▸ TASK REQUIREMENTS:
Please repeat, precisely as written, only the lines from the one containing "Quality Choice" through the last line of the records below, pictures omitted.

>>>

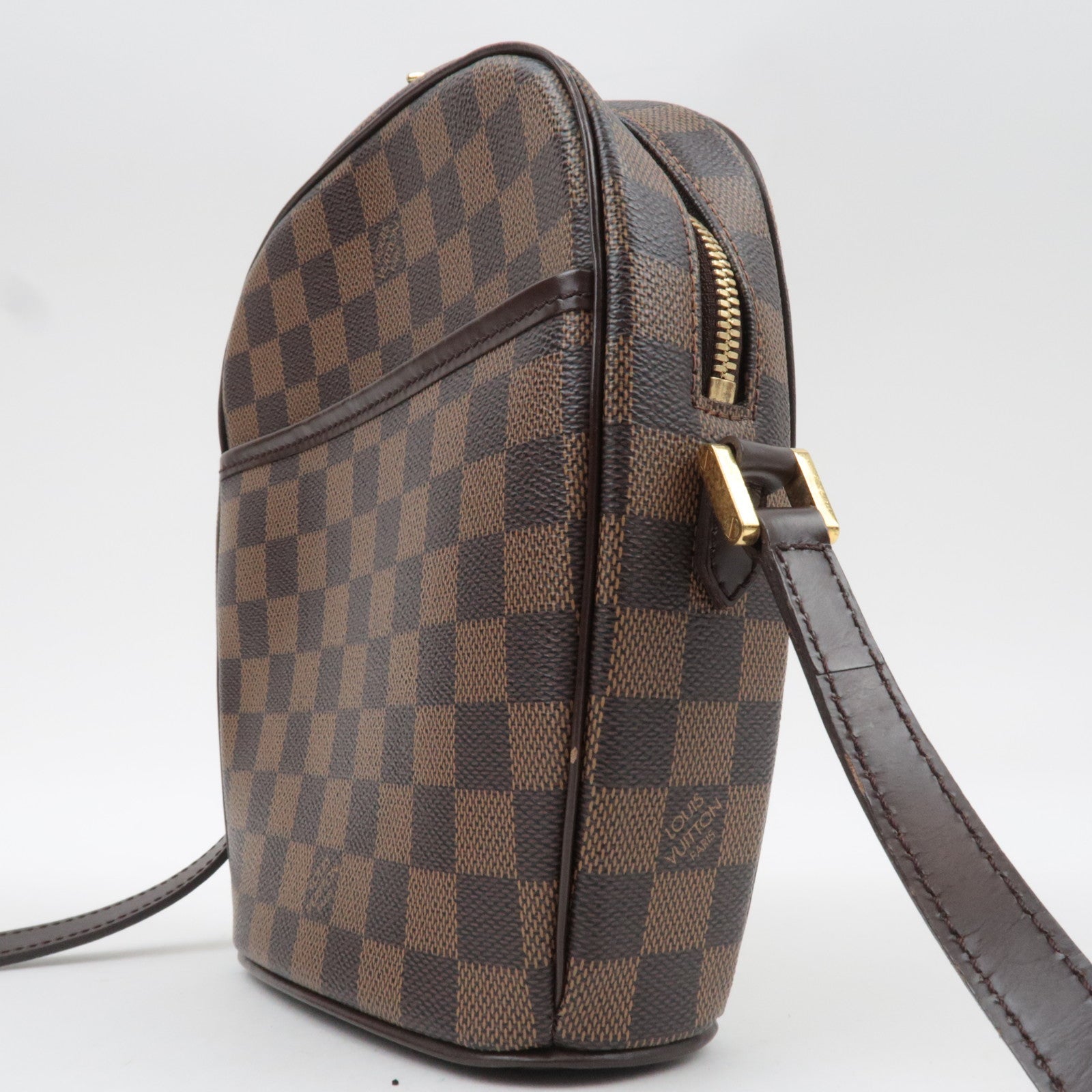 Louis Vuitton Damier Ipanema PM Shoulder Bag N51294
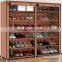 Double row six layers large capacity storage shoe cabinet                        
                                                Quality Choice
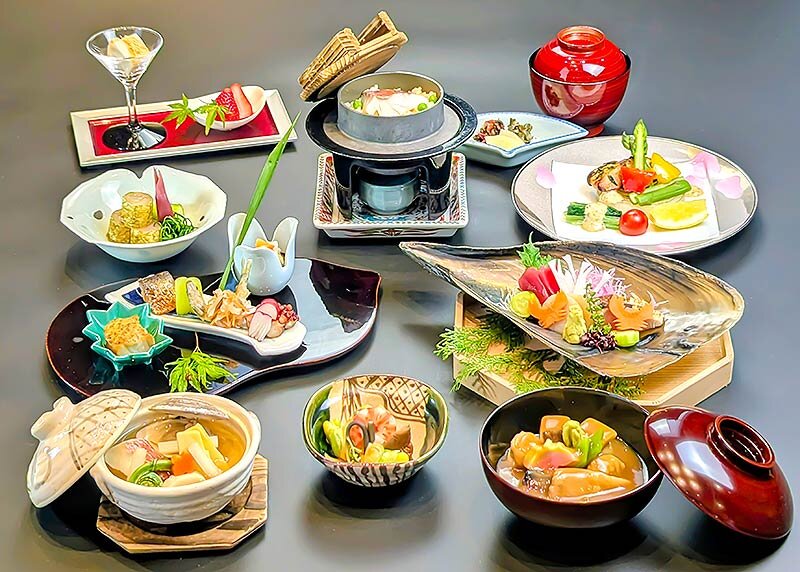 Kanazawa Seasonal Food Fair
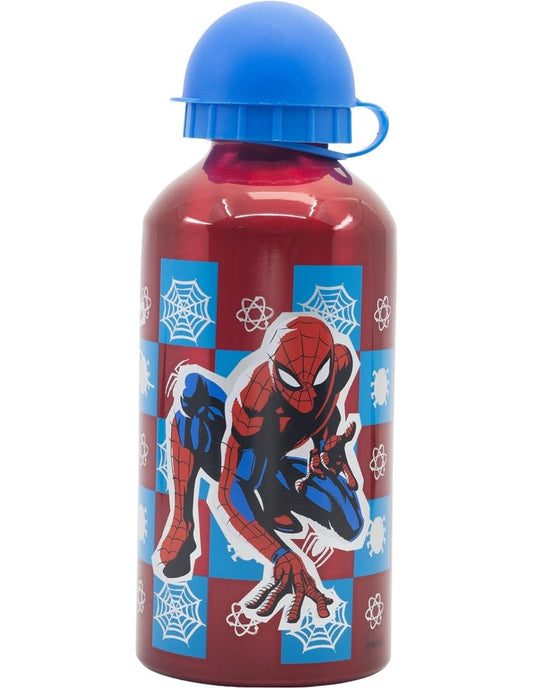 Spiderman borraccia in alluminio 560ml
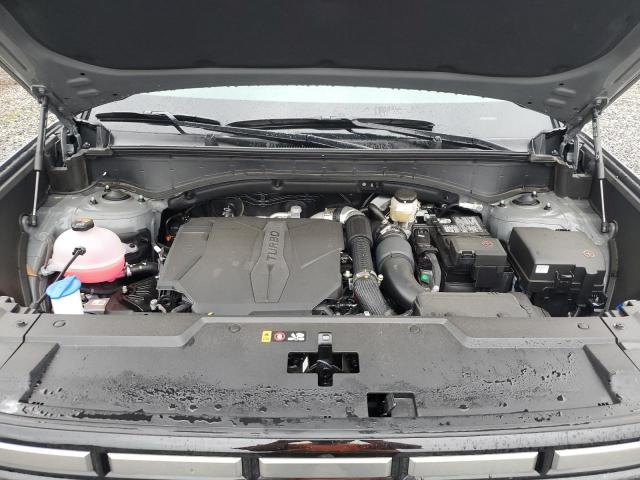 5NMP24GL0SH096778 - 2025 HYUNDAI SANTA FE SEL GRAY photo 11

<<<

▸ SOLUTION TO THIS EXERCISE:
                                                Quality Choice
 Kanazawa Seasonal Food Fair
 Spiderman borraccia in alluminio 560ml
 5NMP24GL0SH096778 - 2025 HYUNDAI SANTA FE SEL GRAY photo 11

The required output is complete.